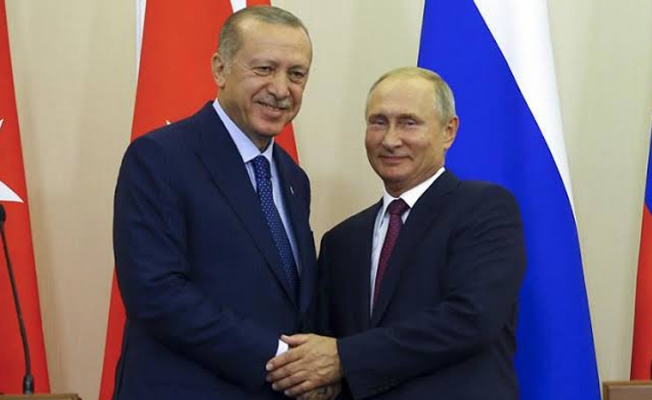 Putin: Libya konusunu Türk heyetiyle görüşeceğim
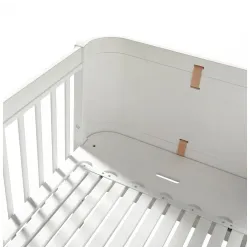 Lit Wood Mini + Blanc AVEC Kit Junior
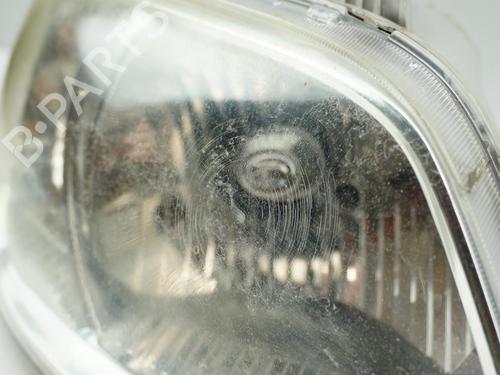 Right headlight CHEVROLET AVEO / KALOS Hatchback (T250, T255) 1.2 LPG | BP18184911C29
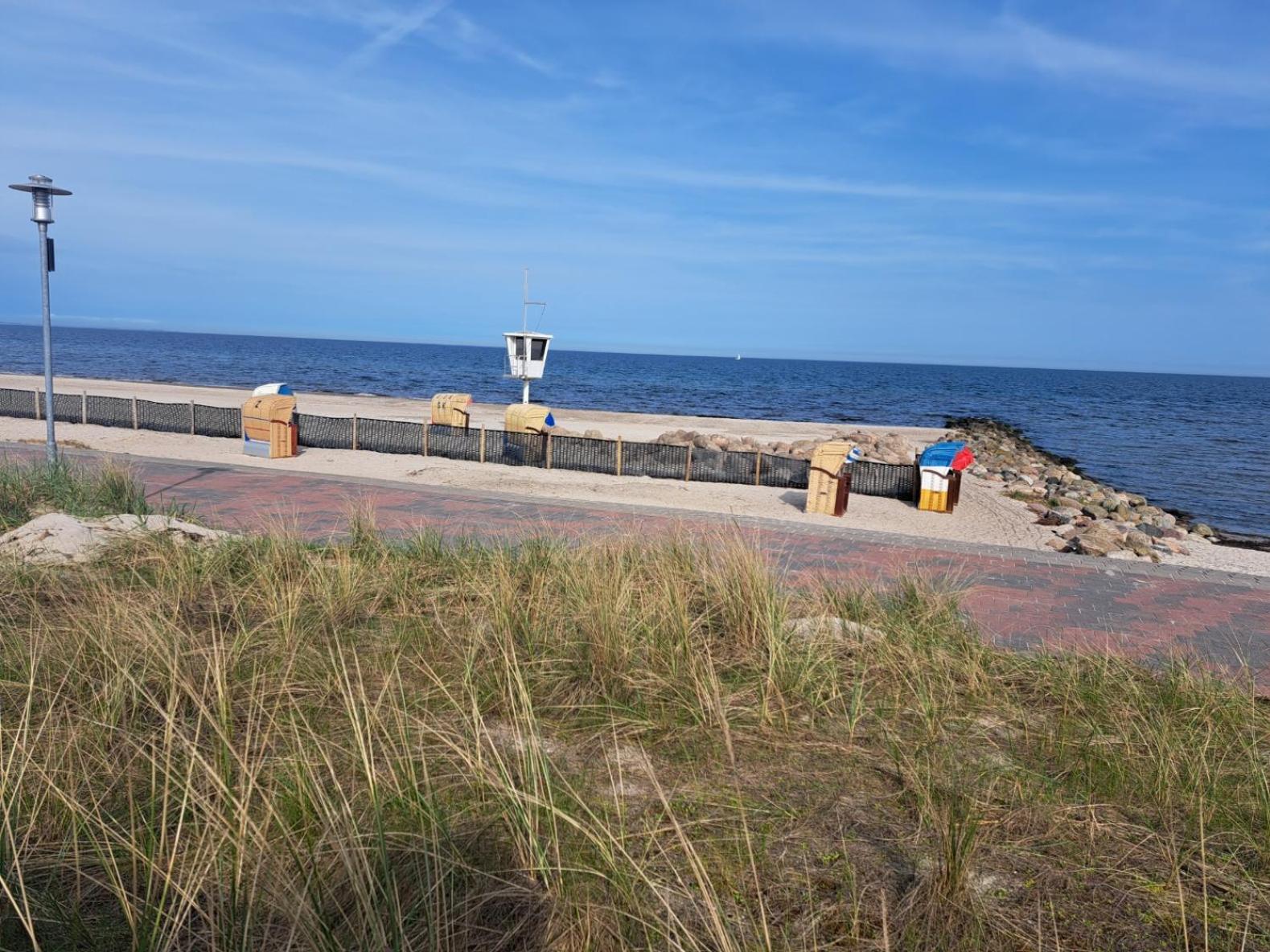 Haus Am Meer Wellenrauschen Dahme  Bagian luar foto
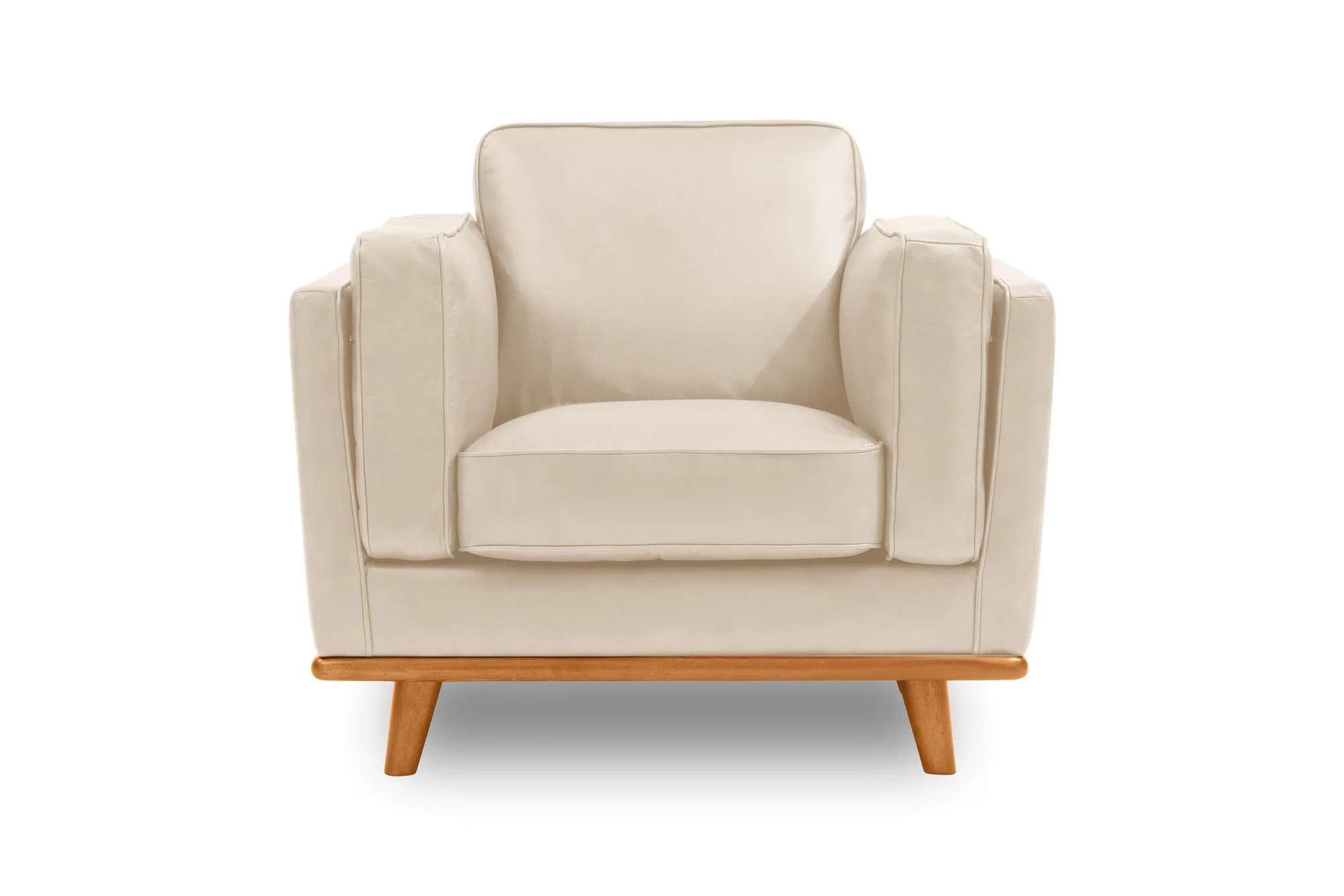 Artisan Leather Accent Chair - Image 34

++++++++++

§ To do
Copy the data exactly. Any picture it contains is to be omitted.

§ Response
 Putin: Libya konusunu Türk heyetiyle görüşeceğim
 Lit Wood Mini + Blanc AVEC Kit Junior
 Right headlight CHEVROLET AVEO / KALOS Hatchback (T250, T255) 1.2 LPG | BP18184911C29
 Haus Am Meer Wellenrauschen Dahme  Bagian luar foto
 Artisan Leather Accent Chair - Image 34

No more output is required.